35. Arbitral tribunals are private fora chosen voluntarily by the parties to the dispute, to adjudicate their disputes in place of courts and tribunals which are public fora constituted under the laws of the country. Every civil or commercial dispute, either contractual or noncontractual, which can be decided by a court, is in principle capable of being adjudicated and resolved by arbitration unless the jurisdiction of arbitral tribunals is excluded either expressly or by necessary implication. Adjudication of certain categories of proceedings are reserved by the Legislature exclusively for public fora as a matter of public policy. Certain other categories of cases, though not expressly reserved for adjudication by a public fora (courts and Tribunals), may by necessary implication stand excluded from the purview of private fora. Consequently, where the cause/dispute is inarbitrable, the court where a suit is pending, will refuse to refer the parties to arbitration, under Section 8 of the Act, even if the parties might have agreed upon arbitration as the forum for settlement of such disputes.

36. The well recognized examples of non-arbitrable disputes are: (i) disputes relating to rights and liabilities which give rise to or arise out of criminal offences; (ii) matrimonial disputes relating to divorce, judicial separation, restitution of conjugal rights, child custody; (iii) guardianship matters; (iv) insolvency and winding up matters; (v) testamentary matters (grant of probate, letters of administration and succession certificate); and (vi) eviction or tenancy matters governed by special statutes where the tenant enjoys statutory protection against eviction and only the specified courts are conferred jurisdiction to grant eviction or decide the disputes.

37. It may be noticed that the cases referred to above relate to actions in rem. A right in rem is a right exercisable against the world at large, as contrasted from a right in personam which is an interest protected solely against specific individuals. Actions in personam refer to actions determining the rights and interests of the parties themselves in the subject matter of the case, whereas actions in rem refer to actions determining the title to property and the rights of the parties, not merely among themselves but also against all persons at any time claiming an interest in that property. Correspondingly, judgment in personam refers to a judgment against a person as distinguished from a judgment against a thing, right or status and judgment in rem refers to a judgment that determines the status or condition of property which operates directly on the property itself. (Vide: Black's Law Dictionary).

38. Generally and traditionally all disputes relating to rights in personam are considered to be amenable to arbitration; and all disputes relating to rights in rem are required to be adjudicated by courts and public tribunals, being unsuited for private arbitration. This is not however a rigid or inflexible rule. Disputes relating to subordinate rights in person am arising from rights in rem have always been considered to be arbitrable.

39. The Act does not specifically exclude any category of disputes as being not arbitrable.
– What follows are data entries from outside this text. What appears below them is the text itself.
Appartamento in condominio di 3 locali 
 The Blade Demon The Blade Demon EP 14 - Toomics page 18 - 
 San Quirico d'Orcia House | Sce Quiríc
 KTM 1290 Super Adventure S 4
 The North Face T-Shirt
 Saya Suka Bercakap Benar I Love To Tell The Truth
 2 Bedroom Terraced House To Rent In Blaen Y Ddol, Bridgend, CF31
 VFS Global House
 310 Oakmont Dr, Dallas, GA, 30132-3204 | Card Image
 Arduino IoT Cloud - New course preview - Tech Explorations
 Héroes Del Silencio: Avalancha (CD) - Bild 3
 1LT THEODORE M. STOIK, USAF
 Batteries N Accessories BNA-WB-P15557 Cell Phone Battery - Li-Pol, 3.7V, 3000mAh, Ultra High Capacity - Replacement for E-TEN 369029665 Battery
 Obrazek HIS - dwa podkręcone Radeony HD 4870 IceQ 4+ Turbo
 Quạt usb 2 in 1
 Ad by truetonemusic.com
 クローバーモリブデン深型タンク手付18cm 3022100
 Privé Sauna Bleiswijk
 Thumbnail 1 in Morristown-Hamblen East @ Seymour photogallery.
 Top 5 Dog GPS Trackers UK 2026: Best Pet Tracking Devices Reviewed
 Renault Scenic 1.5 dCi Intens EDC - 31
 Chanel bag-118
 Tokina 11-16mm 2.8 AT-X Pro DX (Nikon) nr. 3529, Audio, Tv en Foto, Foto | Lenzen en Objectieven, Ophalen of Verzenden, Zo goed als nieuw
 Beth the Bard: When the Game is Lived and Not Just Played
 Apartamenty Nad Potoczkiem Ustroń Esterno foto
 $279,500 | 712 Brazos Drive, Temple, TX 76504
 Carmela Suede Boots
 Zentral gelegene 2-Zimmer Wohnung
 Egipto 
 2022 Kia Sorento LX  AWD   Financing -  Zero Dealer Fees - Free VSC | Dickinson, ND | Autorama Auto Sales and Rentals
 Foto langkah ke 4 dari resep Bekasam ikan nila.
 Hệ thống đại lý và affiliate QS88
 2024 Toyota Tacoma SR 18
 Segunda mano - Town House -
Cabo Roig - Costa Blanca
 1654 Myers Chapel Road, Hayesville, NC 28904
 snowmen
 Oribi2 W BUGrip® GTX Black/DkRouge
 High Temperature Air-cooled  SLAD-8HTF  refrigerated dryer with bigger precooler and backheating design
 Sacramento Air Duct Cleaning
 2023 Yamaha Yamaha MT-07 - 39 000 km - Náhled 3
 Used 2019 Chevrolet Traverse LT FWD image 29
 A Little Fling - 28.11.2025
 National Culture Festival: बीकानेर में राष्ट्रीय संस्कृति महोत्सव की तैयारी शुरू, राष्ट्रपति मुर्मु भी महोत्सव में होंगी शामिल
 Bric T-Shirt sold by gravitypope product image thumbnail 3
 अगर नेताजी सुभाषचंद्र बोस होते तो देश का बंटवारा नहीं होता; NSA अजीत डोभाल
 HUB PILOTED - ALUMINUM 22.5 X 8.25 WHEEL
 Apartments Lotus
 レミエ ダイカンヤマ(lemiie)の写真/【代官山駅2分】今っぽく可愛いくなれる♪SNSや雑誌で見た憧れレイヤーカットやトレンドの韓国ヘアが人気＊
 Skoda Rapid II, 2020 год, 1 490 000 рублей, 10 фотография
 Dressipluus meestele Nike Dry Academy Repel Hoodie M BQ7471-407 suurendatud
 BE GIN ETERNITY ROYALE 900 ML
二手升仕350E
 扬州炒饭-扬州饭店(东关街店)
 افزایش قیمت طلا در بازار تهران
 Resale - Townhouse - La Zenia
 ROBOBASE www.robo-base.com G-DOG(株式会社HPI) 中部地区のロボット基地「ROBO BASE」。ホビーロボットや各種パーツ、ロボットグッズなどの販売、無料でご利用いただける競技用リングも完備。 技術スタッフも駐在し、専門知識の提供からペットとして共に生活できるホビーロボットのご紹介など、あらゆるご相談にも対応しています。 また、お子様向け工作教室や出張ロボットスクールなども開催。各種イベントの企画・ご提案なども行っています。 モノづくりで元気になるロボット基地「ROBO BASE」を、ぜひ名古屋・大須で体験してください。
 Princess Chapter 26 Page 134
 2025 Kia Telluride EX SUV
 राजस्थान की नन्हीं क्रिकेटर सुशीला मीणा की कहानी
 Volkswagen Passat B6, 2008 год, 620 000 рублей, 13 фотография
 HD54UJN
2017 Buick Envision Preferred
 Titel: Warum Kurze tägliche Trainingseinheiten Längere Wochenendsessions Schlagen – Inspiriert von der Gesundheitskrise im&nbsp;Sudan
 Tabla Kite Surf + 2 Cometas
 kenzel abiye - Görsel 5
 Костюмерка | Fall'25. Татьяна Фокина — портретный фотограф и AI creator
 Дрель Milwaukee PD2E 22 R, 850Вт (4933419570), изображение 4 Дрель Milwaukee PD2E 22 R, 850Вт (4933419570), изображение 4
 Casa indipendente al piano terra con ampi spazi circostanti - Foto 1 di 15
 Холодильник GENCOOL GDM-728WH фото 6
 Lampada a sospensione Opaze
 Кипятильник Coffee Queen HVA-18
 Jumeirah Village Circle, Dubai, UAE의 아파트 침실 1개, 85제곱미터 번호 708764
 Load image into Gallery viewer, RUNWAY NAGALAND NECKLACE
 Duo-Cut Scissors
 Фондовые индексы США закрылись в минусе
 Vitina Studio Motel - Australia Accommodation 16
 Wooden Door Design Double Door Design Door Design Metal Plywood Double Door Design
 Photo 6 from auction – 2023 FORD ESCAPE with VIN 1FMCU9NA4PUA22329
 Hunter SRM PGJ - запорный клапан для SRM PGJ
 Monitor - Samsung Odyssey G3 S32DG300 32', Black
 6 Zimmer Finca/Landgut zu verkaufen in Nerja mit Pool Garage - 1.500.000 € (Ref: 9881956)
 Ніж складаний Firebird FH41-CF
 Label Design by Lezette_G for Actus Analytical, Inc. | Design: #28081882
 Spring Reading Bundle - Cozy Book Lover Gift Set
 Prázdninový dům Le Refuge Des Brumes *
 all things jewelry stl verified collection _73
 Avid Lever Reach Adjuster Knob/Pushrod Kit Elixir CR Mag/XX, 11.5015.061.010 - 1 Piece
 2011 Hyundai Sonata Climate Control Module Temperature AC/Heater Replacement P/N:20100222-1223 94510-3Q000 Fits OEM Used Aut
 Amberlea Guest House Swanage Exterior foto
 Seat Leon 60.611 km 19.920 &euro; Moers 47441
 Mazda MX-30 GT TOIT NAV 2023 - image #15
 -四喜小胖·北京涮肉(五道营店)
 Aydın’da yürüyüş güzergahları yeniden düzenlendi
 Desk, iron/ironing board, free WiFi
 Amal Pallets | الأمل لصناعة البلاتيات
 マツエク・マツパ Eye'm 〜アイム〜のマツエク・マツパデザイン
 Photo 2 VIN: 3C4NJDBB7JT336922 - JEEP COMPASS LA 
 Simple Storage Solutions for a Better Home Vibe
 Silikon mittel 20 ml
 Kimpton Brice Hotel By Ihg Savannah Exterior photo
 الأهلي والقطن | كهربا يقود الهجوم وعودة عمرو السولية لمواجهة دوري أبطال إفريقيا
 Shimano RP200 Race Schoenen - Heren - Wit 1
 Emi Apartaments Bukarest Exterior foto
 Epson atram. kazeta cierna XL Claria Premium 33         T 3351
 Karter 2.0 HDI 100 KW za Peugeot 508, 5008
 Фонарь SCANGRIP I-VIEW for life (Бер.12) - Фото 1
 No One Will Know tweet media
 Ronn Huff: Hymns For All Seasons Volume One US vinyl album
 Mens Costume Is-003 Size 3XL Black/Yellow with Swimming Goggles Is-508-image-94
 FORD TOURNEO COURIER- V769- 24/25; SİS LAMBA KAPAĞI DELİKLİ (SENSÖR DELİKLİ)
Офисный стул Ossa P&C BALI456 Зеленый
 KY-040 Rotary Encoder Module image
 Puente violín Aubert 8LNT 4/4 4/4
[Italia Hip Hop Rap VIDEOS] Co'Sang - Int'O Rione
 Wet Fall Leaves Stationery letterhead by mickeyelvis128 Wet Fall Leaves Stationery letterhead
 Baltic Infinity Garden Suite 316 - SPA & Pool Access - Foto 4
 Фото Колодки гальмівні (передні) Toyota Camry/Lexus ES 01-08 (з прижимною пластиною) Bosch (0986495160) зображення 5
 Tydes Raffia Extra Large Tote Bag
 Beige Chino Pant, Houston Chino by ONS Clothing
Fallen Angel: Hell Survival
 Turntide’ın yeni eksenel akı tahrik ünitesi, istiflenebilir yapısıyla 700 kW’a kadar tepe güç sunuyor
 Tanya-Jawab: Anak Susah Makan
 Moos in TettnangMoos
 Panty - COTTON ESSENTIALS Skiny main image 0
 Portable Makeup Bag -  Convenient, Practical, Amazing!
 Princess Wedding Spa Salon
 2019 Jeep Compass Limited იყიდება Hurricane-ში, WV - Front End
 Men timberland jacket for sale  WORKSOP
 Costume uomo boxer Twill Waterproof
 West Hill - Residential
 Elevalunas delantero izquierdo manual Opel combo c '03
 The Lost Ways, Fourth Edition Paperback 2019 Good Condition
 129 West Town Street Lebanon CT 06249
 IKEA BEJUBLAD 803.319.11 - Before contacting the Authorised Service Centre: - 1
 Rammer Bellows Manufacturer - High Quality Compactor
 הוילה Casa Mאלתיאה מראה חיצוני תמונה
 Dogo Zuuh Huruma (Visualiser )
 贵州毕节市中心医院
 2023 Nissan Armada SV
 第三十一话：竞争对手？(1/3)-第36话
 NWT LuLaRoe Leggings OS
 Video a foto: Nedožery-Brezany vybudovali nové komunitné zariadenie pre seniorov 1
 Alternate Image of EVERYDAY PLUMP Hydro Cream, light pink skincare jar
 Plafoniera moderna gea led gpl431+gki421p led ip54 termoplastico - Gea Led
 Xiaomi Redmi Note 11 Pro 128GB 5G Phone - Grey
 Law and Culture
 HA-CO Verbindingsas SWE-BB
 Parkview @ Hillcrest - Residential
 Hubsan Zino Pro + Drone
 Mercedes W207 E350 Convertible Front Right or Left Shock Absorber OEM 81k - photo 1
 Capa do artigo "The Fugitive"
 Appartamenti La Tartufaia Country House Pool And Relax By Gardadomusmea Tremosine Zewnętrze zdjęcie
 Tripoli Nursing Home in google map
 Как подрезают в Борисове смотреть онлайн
Sections 34(2)(b) and 48(2) of the Act however make it clear that an arbitral award will be set aside if the court finds that "the subject matter of the dispute is not capable of settlement by arbitration under the law for the time being in force."

40. Russell on Arbitration [22nd Edition] observed thus [page 28, para 2.007]:

“Not all matter are capable of being referred to arbitration. As a matter of English law certain matters are reserved for the court alone and if a tribunal purports to deal with them the resulting award will be unenforceable. These include matters where the type of remedy required is not one which an arbitral tribunal is empowered to give.”

The subsequent edition of Russell [23rd Edition, page 470, para 8.043]] merely observes that English law does recognize that there are matters which cannot be decided by means of arbitration.

41. Mustill and Boyd in their Law and Practice of Commercial Arbitration in England [2nd 1989 Edition], have observed thus:

“In practice therefore, the question has not been whether a particular dispute is capable of settlement by arbitration, but whether it ought to be referred to arbitration or whether it has given rise to an enforceable award. No doubt for this reason, English law has never arrived at a general theory for distinguishing those disputes which may be settled by arbitration from those which may not. ....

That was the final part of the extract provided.